Gtk 3->4 made a lot of internal changes, and at least some were related to making wayland work. Wayland “worked” in gtk3, however it was very much an afterthought, and half the toolkit was useless under wayland. Other changes are usually required for changes related to rendering, gtk4 had vulcan rendering which may require some breaking changes. Another thing is just general breaking changes that are good, sometimes you realise some decision was bad, and a new major release is just a way to make these.
From the end users perspective nothing much changes, it maybe looks a bit different, but not much besides that. But a vulcan renderer and being fully wayland compatible are major improvements that also improve the user experience, even if you don’t notice directly.
Interesting. I’m guessing the changes were too big to just be added incrementally in updates to GTK 3?
Usually the problem isn’t that the changes are big, but that the new way simply isn’t compatible with the old way to do things, and you can’t just make a change that will break existing applications in minor versions (well, there’s nothing technically stopping you, and unintentional compatibility breaking bugs have definitely happened in the past, but people are gonna get real mad at you if you do that). Even if you break that change up into thousand tiny changes over many minor versions, the end result is that at some point, you break old apps.
The solution is to take note of all the things that are either badly designed or became obsolete and once in a while go “hey, let’s make a new major version and fix all of this crap”. With a new major version, you don’t have to worry about old applications and are free to improve your library in any way you wish, and you also get the option to keep updating the old major version with some maintenance bugfixes so that the old apps keep working well enough.

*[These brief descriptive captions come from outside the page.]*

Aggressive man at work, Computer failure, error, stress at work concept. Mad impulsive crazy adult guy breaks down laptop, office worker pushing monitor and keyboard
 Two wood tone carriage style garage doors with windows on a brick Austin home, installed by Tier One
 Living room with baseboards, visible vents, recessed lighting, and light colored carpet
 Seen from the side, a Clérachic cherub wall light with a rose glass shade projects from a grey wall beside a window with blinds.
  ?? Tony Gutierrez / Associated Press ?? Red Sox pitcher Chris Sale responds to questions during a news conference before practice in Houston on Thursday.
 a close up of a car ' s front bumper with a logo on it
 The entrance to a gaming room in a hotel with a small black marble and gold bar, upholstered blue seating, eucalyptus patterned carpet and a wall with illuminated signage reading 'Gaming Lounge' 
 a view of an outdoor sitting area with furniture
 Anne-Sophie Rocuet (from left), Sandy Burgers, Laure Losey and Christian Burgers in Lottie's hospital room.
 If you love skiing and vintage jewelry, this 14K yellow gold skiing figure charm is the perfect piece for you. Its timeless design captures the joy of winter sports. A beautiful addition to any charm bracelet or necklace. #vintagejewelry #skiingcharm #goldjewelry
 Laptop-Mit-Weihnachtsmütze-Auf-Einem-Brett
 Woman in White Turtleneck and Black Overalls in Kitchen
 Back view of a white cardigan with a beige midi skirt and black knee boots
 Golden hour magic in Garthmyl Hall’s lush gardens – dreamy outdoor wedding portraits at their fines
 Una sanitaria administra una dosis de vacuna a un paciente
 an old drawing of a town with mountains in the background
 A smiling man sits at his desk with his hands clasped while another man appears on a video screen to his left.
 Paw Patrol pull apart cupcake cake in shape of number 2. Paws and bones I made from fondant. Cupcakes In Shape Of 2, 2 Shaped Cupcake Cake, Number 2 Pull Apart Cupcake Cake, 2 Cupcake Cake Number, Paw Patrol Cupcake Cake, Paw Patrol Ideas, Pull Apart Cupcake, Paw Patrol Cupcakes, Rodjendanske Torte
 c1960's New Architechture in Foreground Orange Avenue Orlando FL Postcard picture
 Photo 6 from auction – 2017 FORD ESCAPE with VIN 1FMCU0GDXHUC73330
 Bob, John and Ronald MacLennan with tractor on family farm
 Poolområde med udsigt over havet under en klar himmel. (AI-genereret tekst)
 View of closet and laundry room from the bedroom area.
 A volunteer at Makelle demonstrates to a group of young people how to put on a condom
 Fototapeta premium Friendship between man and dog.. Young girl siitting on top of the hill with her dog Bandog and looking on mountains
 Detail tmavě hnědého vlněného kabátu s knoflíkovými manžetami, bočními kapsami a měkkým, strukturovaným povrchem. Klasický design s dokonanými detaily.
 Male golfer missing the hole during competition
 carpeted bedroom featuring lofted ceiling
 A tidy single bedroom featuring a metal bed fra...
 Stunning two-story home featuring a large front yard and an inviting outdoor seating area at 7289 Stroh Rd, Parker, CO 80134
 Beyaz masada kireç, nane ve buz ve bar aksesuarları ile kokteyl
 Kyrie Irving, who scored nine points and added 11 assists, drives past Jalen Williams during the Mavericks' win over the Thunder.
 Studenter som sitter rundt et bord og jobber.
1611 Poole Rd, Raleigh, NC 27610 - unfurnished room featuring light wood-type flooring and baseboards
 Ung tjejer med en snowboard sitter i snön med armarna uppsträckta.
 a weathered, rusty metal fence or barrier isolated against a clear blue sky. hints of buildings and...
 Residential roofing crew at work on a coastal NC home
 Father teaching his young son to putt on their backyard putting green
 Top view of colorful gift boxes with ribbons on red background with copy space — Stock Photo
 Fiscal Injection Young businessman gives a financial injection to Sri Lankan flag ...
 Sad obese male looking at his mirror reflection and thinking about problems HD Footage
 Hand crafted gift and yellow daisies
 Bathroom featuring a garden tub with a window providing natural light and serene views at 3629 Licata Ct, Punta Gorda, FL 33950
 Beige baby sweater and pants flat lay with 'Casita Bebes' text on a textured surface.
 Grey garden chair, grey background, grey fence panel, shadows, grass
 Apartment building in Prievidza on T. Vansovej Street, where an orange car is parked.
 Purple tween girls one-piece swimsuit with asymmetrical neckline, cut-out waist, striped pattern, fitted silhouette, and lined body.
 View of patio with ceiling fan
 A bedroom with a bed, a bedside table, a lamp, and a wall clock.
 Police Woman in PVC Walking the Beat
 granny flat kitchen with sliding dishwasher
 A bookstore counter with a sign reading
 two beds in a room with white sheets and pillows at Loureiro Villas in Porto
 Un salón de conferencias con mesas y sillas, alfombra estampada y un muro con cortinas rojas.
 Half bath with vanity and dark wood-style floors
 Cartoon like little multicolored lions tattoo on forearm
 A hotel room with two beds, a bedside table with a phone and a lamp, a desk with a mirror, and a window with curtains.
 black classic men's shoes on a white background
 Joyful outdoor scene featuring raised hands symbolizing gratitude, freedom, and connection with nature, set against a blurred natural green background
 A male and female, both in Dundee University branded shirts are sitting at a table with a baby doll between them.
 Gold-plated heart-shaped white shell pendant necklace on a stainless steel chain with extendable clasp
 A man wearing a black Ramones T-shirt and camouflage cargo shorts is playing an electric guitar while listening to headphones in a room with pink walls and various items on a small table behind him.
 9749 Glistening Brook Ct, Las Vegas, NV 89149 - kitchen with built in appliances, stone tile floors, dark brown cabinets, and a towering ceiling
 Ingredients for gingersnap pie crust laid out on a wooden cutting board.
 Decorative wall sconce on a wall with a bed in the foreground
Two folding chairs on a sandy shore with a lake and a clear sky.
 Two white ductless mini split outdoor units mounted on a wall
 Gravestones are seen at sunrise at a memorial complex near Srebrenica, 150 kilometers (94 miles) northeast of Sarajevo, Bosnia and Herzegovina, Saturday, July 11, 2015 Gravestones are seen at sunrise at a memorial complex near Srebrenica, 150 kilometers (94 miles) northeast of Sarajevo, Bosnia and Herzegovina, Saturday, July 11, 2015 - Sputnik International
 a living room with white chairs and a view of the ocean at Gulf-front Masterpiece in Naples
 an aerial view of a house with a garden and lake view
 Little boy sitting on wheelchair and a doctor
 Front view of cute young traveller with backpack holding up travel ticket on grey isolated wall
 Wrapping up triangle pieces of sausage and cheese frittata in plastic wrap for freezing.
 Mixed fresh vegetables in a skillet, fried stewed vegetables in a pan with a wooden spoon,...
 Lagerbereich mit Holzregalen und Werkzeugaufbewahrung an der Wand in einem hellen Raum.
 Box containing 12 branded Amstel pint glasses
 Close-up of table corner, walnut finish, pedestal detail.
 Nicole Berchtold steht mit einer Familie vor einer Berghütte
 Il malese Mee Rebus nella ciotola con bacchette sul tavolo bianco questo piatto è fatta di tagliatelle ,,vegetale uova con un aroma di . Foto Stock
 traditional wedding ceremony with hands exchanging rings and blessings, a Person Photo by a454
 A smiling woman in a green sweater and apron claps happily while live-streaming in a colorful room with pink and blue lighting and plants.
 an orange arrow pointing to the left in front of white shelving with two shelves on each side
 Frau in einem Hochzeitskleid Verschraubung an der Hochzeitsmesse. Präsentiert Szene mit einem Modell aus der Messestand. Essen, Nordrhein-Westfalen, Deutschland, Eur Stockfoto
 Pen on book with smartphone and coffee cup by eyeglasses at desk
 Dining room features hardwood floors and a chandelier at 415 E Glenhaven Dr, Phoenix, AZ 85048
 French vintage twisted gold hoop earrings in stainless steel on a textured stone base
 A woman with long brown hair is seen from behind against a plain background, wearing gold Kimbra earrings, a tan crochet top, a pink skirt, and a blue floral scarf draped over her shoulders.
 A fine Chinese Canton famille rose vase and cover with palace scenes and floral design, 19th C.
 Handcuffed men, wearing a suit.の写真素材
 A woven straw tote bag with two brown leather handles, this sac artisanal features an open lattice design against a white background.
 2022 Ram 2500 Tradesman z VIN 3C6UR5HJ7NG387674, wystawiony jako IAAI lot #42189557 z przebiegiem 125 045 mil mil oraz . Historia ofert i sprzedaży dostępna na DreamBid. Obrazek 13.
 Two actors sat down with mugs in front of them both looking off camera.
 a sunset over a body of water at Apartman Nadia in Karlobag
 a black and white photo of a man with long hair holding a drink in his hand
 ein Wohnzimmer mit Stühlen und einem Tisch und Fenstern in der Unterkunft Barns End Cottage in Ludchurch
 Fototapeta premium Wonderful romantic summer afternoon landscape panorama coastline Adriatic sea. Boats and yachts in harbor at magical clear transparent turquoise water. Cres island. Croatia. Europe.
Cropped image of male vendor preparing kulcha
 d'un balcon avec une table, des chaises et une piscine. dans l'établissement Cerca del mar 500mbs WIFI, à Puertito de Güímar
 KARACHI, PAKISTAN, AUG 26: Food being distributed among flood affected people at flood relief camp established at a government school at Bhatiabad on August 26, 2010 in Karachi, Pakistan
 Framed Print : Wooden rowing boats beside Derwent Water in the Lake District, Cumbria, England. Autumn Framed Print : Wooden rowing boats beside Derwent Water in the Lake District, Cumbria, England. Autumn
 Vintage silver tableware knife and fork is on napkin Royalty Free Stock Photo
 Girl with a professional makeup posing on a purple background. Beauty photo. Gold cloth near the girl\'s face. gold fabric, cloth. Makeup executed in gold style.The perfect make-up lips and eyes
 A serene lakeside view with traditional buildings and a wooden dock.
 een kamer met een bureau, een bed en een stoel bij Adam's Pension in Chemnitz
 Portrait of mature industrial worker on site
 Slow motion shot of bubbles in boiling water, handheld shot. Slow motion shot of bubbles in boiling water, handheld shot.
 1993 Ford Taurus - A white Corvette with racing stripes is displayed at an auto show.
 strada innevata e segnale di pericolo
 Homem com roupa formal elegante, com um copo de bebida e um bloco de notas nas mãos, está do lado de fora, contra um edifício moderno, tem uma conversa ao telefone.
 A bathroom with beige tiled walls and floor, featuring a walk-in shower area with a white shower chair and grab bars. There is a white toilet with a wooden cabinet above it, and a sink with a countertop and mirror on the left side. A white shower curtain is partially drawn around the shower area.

The unfortunate consequence of this is that old working apps need compatibility updates.
Usually there’s big new features that accomodate more modern hardware better. As an example, Qt6 revamps support for Wayland, HDR, and scaling. Even these things on their own don’t seem like much, but if you go back to KDE 5 in 10 years time you’ll definitely feel like something is plain/dated (or completely not working if you’re on new hardware)
Thank you for the explanation! What specifically does Qt 6 do that Qt 5 can’t do?
They are not quite aweful, but thank the tao Plasma is customizable and you can set your own icon set.
Now KDE needs to implement a consistent design language for its apps, clean up its settings, and have better defaults. Not asking KDE to copy Gnome, just that it needs a lot more work to be palletable to someone using it for the first time.
TODO since KDE 3…
This is soooo good
Kinda hard to tell with the symbols due to the white on light blue
Why is everything a folder? What does a debian or android folder do?
Look forward to Plasma 6 where everything will be an application. Downloads folder? That’s an application now. A font you just installed? Application. The video you just downloaded? You guessed it
It’s deb, not Debian, so I’d assume it’s the icon for .deb files (which are browsable archives).
Debían no idea… But I guess android could be android studio folders or similar stuff?
Looks like mountain lion
Finally designers are realizing it’s not 2013 anymore and nobody liked the Win8 designed-in-powerpoint style.